How many people do you love?

Love is one of the purest and most difficult mysteries of humanity. Everyone yearns for this feeling of happiness and finding the piece that makes them complete. But for something that’s forever in high demand, nobody has a simple explanation of what love is. Everybody and their mom has a different definition of true love.

You ask a high school girl and she’ll say it’s getting walked to class in the mornings. You ask a guy fresh out of college and he’ll say it’s his mom or a women that cooks like mom used to. Ask the right kind of lady and she’ll say getting designers purses and clothes. Everyone says something different because nobody really knows. Thank goodness for that rare person that gladv says I don’t know what love is. But despite that, there’s one thing we almost always get right… Who we love. So tell me, how many people do you love?

Here’s a real short story on how many people I love.

Growing up in school, I was asked often what my dream life looked like. Teachers wanted to know what a small child with an idealized vision of the world could infer about their future. We’ve all experienced them before… “Where do you want to live?”, “What do you want to be when you grow up?”, And worst of them all, “How many kids do you want to have” Most kids loved these questions and had their amazing go to answers.

But I was different. Instead of running with the answer society told me was right, I dug deeper. I ignored social pressures and would answer like, “0. I don’t want to get married or have kids.” It was shocking to people at first.
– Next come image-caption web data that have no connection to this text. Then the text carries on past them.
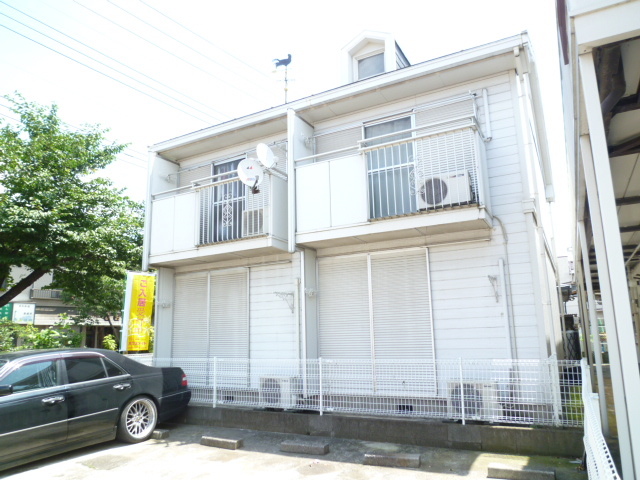 建物外観　★１フロア２住戸なので全室角部屋★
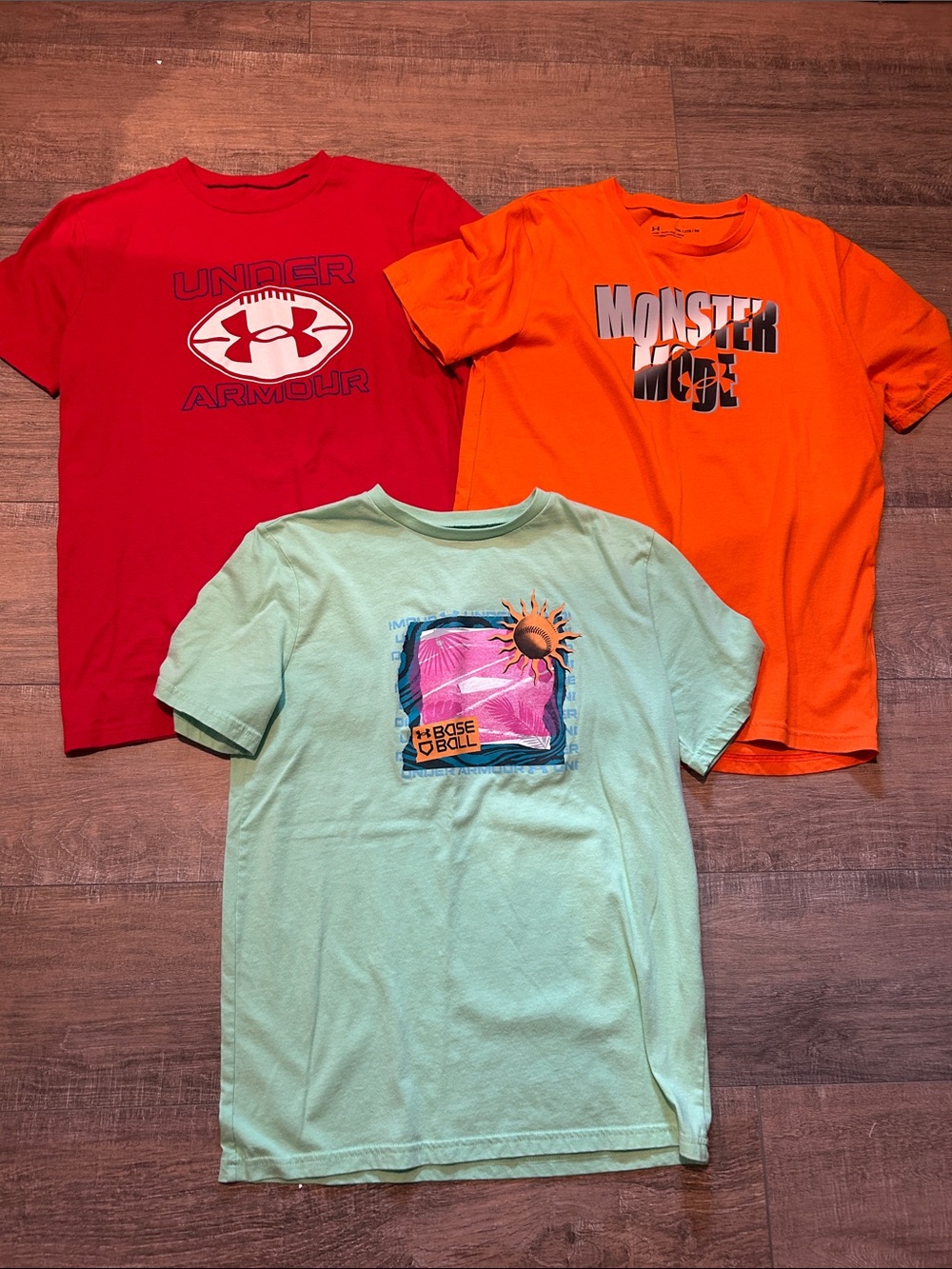 NEW!! Under Armour XL T-shirts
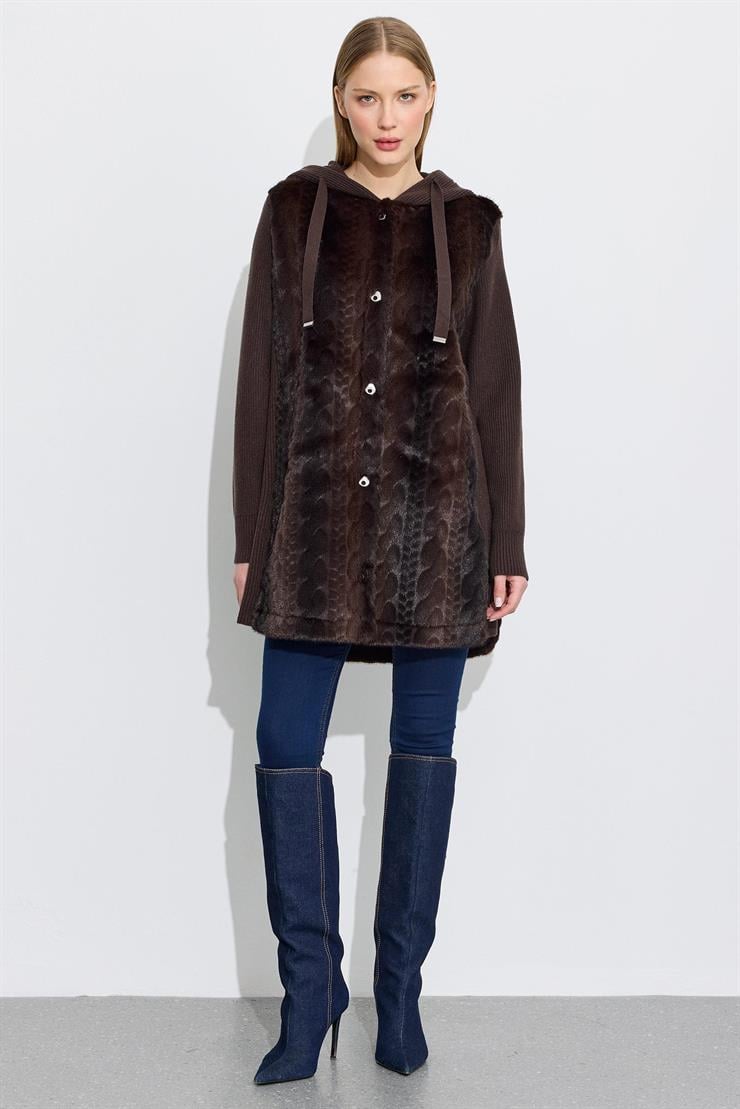 Önden Metal Çıtçıtlı Triko Kombinli Kapüşonlu Kürk Kaban KAHVE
But that’s what my reality was. And no one could tell me it was essentially wrong. Later in life I met a girl named Deasia that completely changed my outlook on life. Through her openness I evolved and decided I did want to have kids.
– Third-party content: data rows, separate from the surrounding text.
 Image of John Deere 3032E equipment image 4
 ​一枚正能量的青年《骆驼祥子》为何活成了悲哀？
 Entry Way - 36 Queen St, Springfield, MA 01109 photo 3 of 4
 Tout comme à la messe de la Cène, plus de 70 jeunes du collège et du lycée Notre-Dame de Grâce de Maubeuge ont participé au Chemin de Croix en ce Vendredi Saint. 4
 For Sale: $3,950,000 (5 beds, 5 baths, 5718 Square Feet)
I wanted to have kids with whoever I truly loved, which was Deasia at the moment. And it would be a special accomplishment for the both of us. I later learned that Deasia wasn’t the perfect girl I thought she was. And I hated the thought of her and having kids. How could I have kids if there was no perfect person for me to love and have my kids with anymore. I’d have to spend years searching for the next perfect girl. And then I realized something even bigger from my experience with DeAsia.
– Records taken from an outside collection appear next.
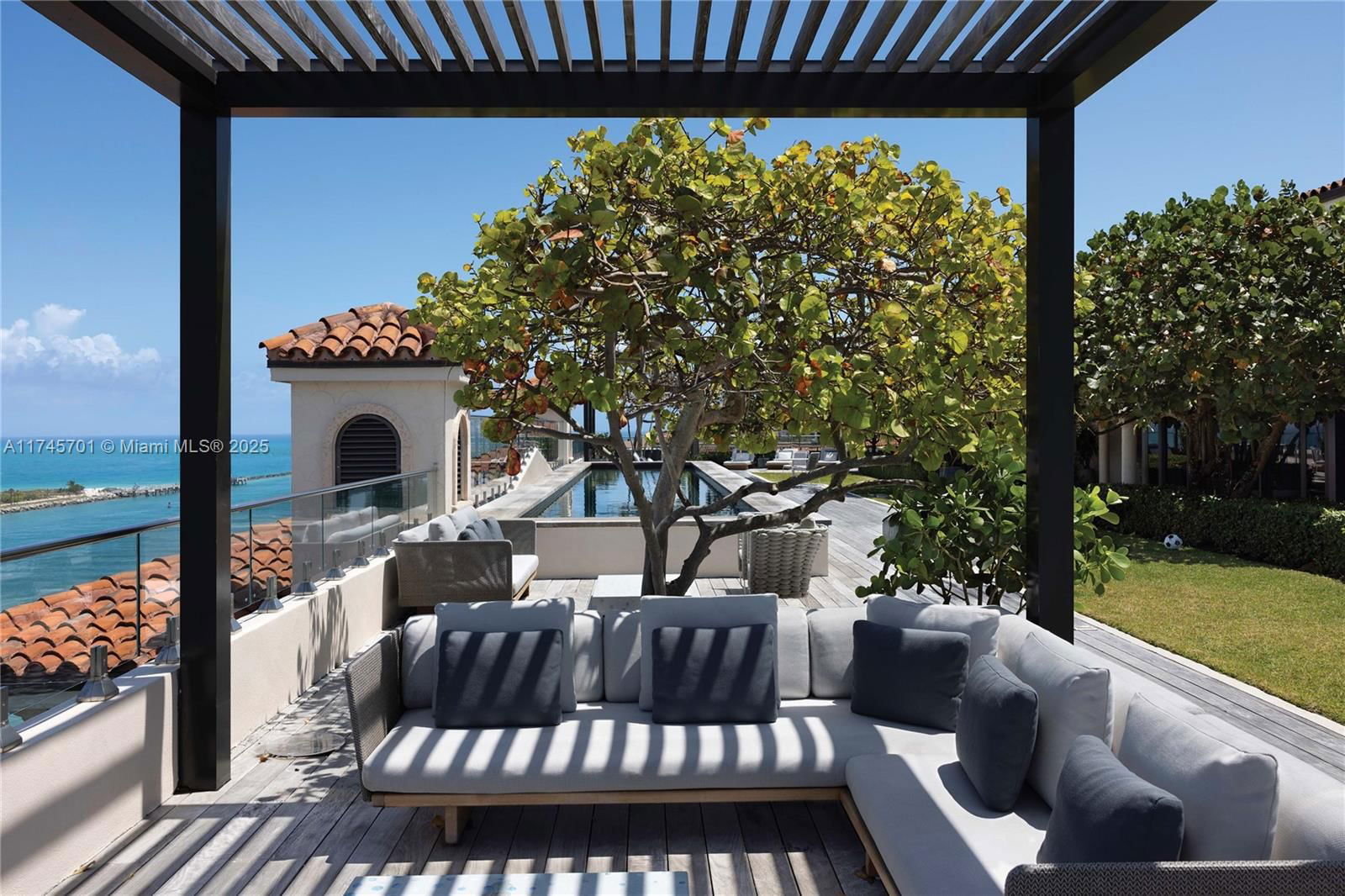 Real estate property located at 6800 Fisher Island Dr 6802 #6802, Miami-dade, Palazzo Del Sol/della Lun, Miami Beach, FL
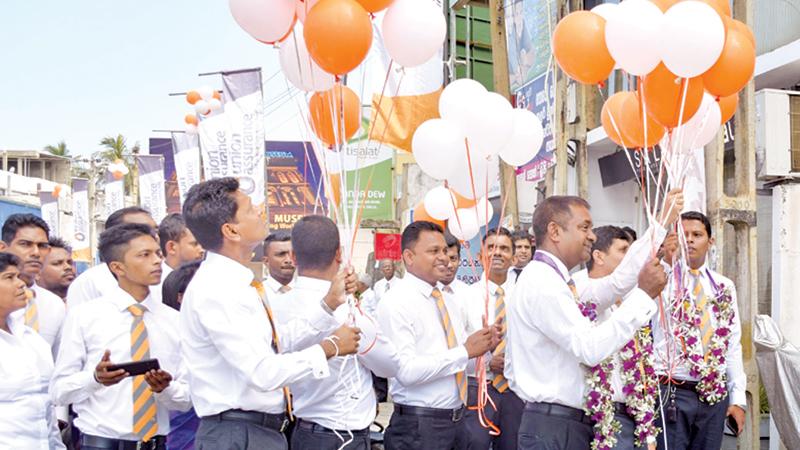 The opening of the Union Assurance Galle Regional Office.   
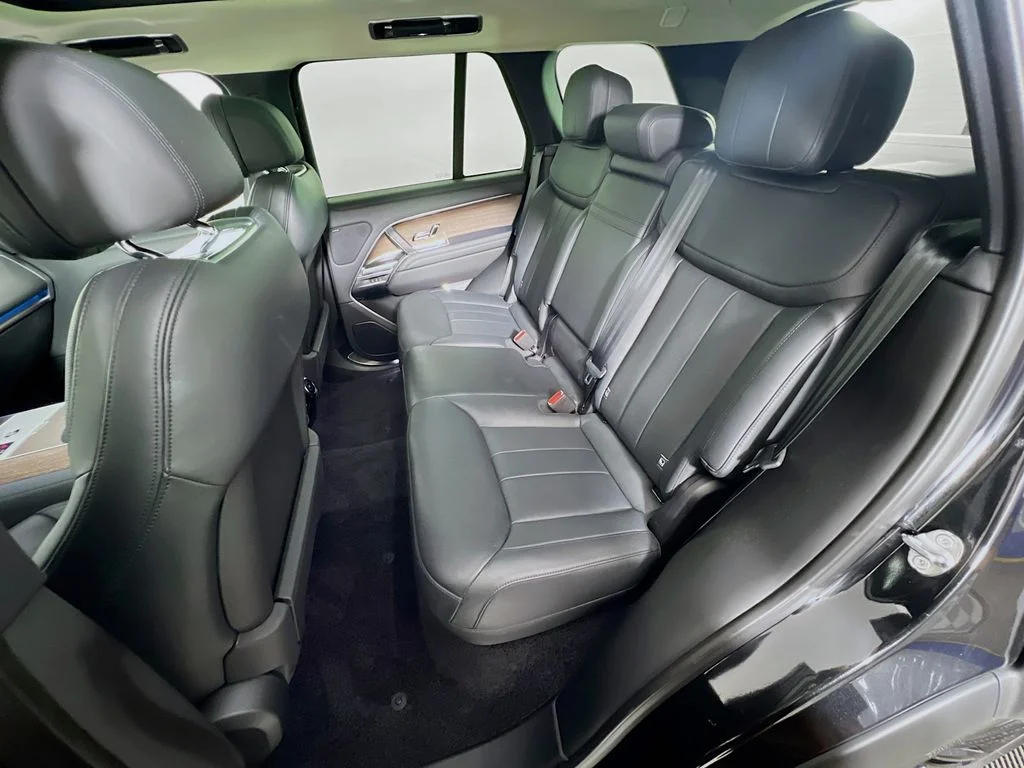 Used 2024 Santorini Black Metallic Land Rover SE image 26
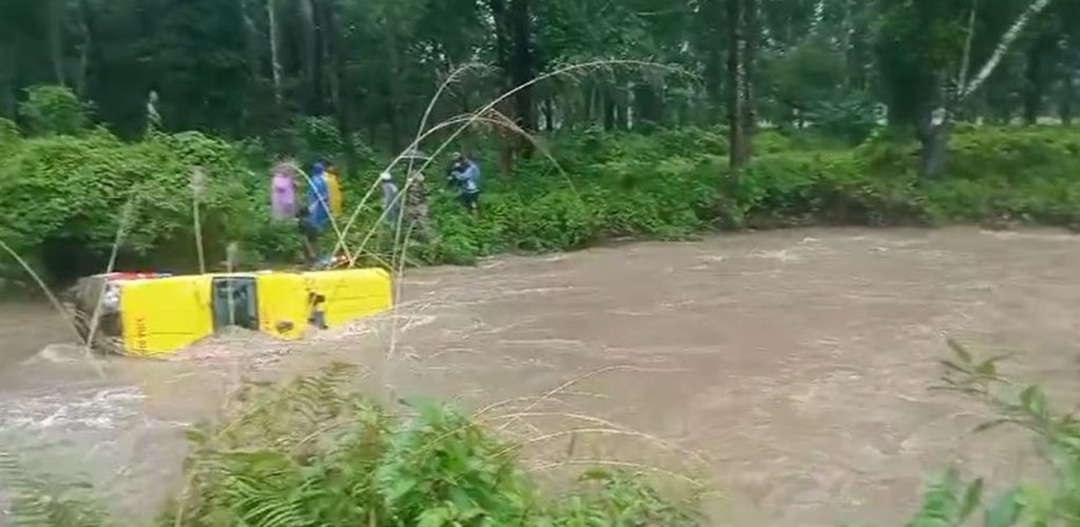 बिरामी बोकेर चितवन आउँदै गरेको एम्बुलेन्स खोलाले बगायो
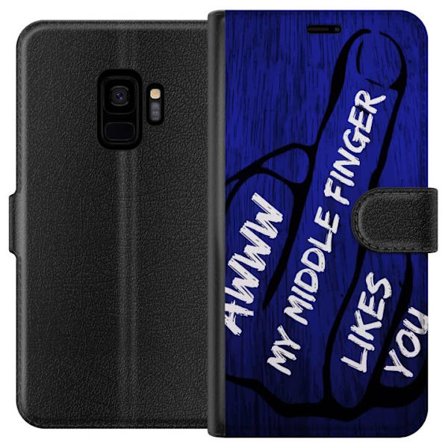 Kompatibelt Lommeboketui til Samsung Galaxy S9 Mørk typografisk illustrasjon med hjerteform og budskap om vennskap mot dyp blå tretekstur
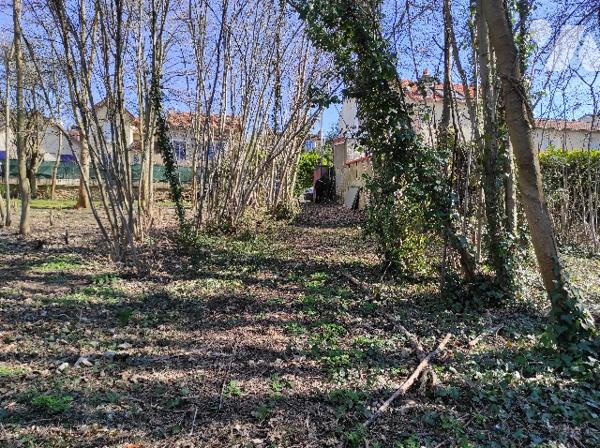 A CACHAN (94230), 28 bis, rue des Vignes, un terrain à bâtir de 633 m².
There are no perfect people in this world. Everybody is human and humans are inherently flawed. So I stopped looking for perfection in others and started accepting the flaws we were all designed with. And now the older Tim finds it easier to love people for who they are. I don’t pick and choose to love the perfect people with the perfect lives. I love everyone and I open my heart to better understand everyone’s little imperfections. I love hundreds and thousands of people. It’s an infinitely growing number.